» **Dataset records**:
+++++
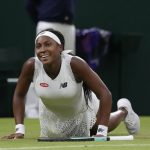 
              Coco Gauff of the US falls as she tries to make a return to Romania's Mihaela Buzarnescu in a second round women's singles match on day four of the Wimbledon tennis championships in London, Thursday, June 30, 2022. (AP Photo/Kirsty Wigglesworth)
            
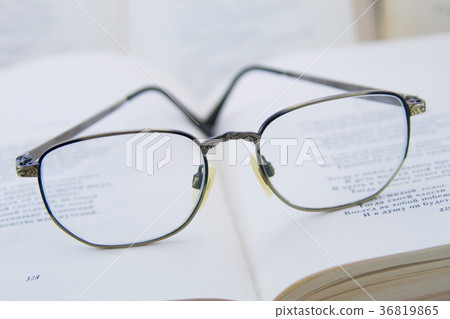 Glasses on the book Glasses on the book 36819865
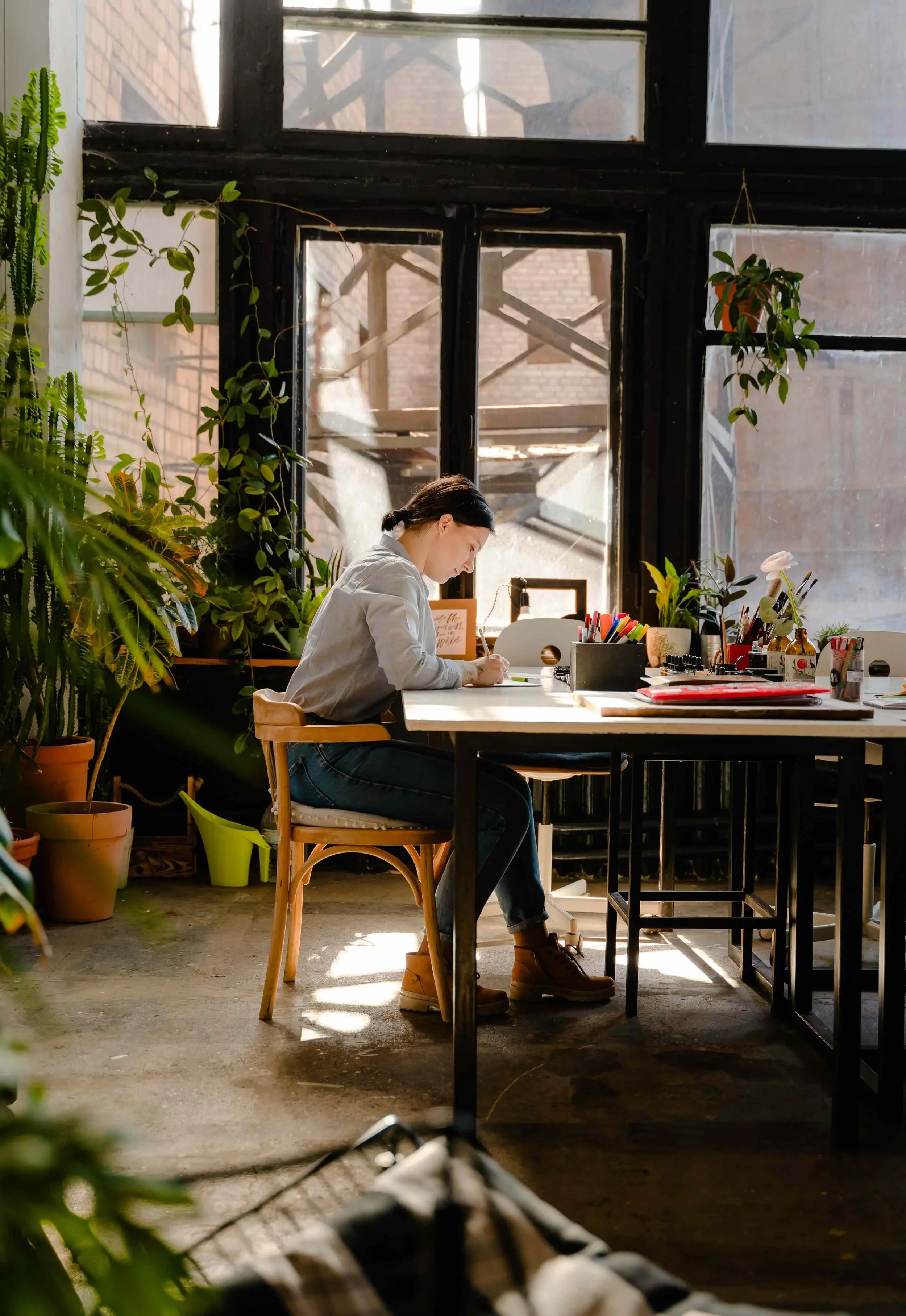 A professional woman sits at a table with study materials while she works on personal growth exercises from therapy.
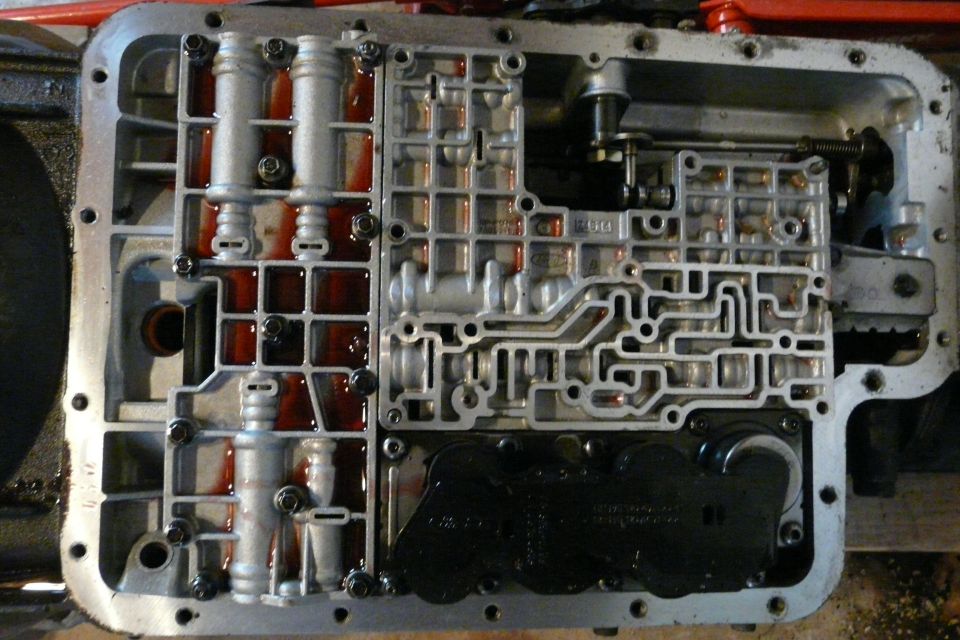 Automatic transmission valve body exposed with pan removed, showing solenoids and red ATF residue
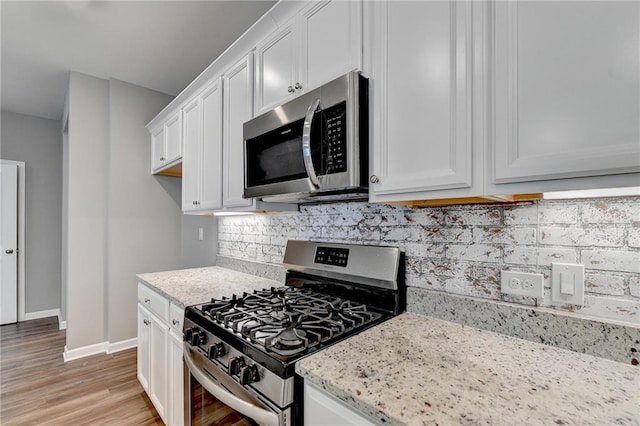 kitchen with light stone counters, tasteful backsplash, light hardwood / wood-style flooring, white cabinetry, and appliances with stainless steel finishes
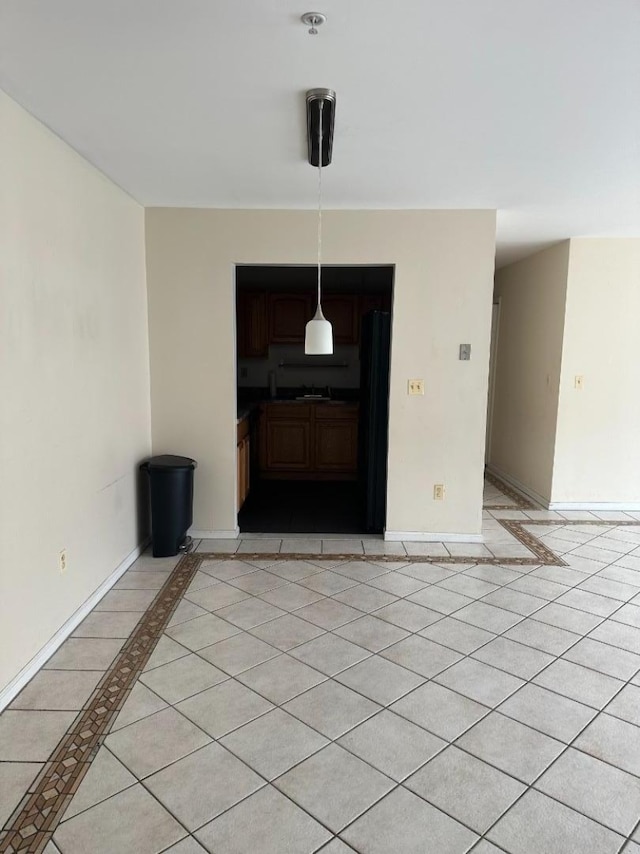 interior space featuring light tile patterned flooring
+++++
» **Aim of the task**:
Copy exactly the lines from the line containing "A professional woman" through the last line of the records above, both included, and leave out any pictures.

» **Response box**:
 A professional woman sits at a table with study materials while she works on personal growth exercises from therapy.
 Automatic transmission valve body exposed with pan removed, showing solenoids and red ATF residue
 kitchen with light stone counters, tasteful backsplash, light hardwood / wood-style flooring, white cabinetry, and appliances with stainless steel finishes
 interior space featuring light tile patterned flooring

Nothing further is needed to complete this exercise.